- Genre: Sports entertainment game show
- Developed by: John Ferraro Dan Carr
- Directed by: J. Rupert Thompson
- Presented by: Hulk Hogan Laila Ali
- Announcer: Van Earl Wright (play-by-play)
- Composers: Jeff Lippencott and Mark T. Williams, Ah2 Music
- Country of origin: United States
- Original languages: English (NBC) Spanish (Telemundo)
- No. of seasons: 2
- No. of episodes: 22

Production
- Executive producers: Howard T. Owens Mark Koops David A. Hurwitz Johnny C. Ferraro
- Producers: Matthew Baxt Anthony Carbone Eric Kaufman Jason Miller
- Production locations: Sony Pictures Studios Culver City, California (Season 1) Los Angeles Sports Arena Los Angeles, California (Season 2)
- Editor: Anthony Carbone
- Camera setup: Multicamera setup
- Running time: 60, 90, or 120 minutes
- Production companies: Flor-Jon Films Reveille Productions Room 403 Productions MGM Television

Original release
- Network: NBC Telemundo
- Release: January 6 – August 7, 2008

Related
- American Gladiators (1989–1996) Gladiators 2000 (1994–1996) American Gladiators (2026–present);

= American Gladiators (2008 TV series) =

American television series

American Gladiators is an American competition television series that aired on NBC and Citytv in Canada. Hosted by Hulk Hogan and Laila Ali, the show matches amateur athletes against each other and the show's own "gladiators" in contests of strength, agility, and endurance. It is a remake of the original series of the same name which ran from 1989 to 1996, with elements of the British version of the 1990s. The show was refereed by Al Kaplon, a former American League umpire, who can also be seen as the referee in Dodgeball: A True Underdog Story.

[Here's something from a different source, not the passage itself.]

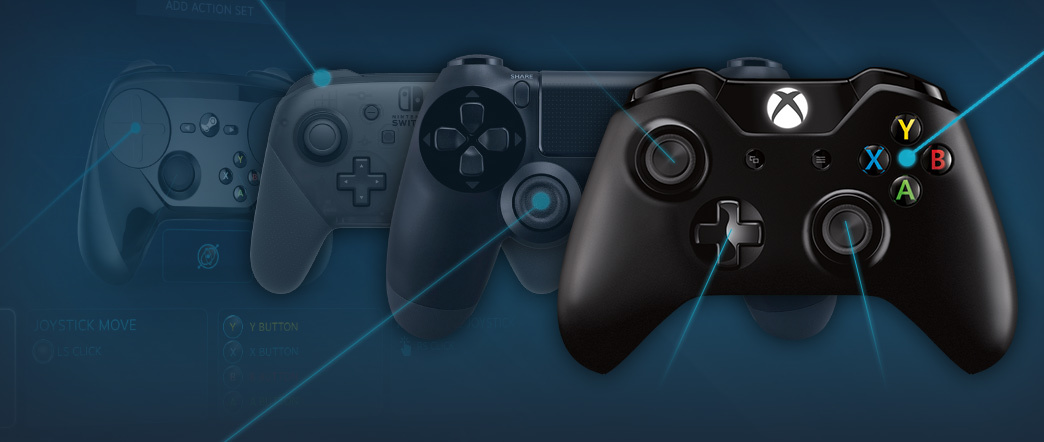 Une image représentant une manette Xbox 360, une manette Xbox One, un Steam Controller et une manette PlayStation 4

Play-by-play narration was handled by Van Earl Wright.

Two seasons were produced by Reveille Productions and MGM Television, both of which were aired in 2008. The first season was taped at Sony Pictures Studios in Culver City, California. The show moved to the Los Angeles Sports Arena for season two.

==Format==
Season 1 of the revival featured 24 contenders (12 male, 12 female), while Season 2 had 40 contenders (20 male, 20 female). Men and women compete in separate tournaments, with two men and two women competing in each episode. In each episode, contenders take part in several events against the Gladiators, trying to earn as many points as possible before the final event, the Eliminator. Each point separating the contenders translates into a half-second advantage for the leader (or a half-second handicap for the trailing contender). For Season 1, preliminary round matches consisted of four events plus the Eliminator; semifinals and finals matches were extended to five events plus the Eliminator (by comparison, the original series had either six or seven events plus the Eliminator). The first two preliminary matches of Season 2 had four events plus the Eliminator. All other rounds had six events plus the Eliminator. For 90-minute episodes, all the events were shown in their entirety, but for 60-minute episodes, two events for each gender were shown only in brief "recap" segments; those events could be viewed in their entirety on the NBC website.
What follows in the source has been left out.